=== Task directions ===
Within the listing below, the lines to output run from the one containing "Adorable Patterned Cartoon" through the one containing "Escritorio Mesa Trabajo"; copy them exactly and nothing else.

=== Data for this task ===
--------------------------------------------------
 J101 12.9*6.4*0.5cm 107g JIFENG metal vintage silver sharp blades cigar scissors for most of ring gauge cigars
--------------------------------------------------
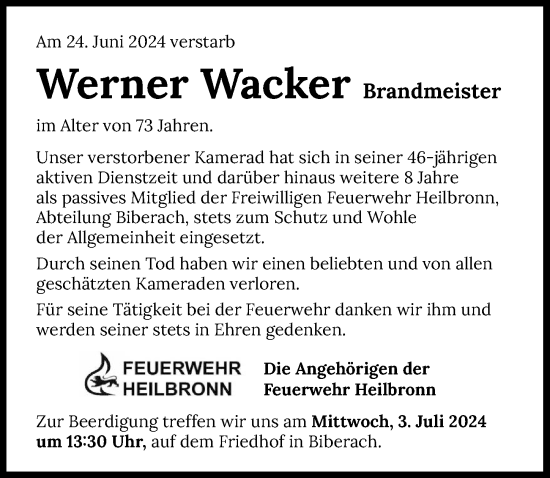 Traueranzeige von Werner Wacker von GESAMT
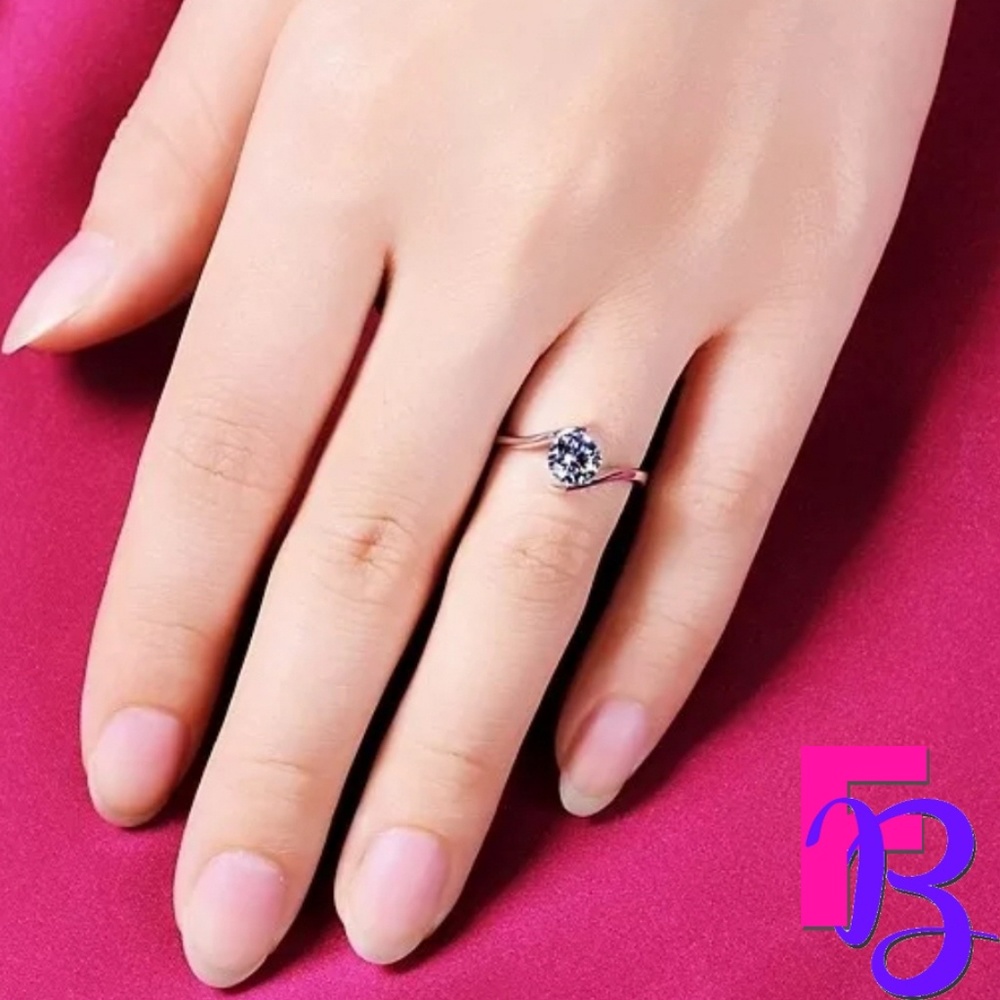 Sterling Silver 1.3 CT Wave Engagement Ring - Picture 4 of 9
--------------------------------------------------
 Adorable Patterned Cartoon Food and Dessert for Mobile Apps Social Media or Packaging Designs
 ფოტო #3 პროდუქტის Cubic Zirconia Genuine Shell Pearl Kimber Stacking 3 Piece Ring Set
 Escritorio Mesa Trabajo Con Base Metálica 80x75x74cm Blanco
--------------------------------------------------
=== Problem solution ===
 Adorable Patterned Cartoon Food and Dessert for Mobile Apps Social Media or Packaging Designs
 ფოტო #3 პროდუქტის Cubic Zirconia Genuine Shell Pearl Kimber Stacking 3 Piece Ring Set
 Escritorio Mesa Trabajo Con Base Metálica 80x75x74cm Blanco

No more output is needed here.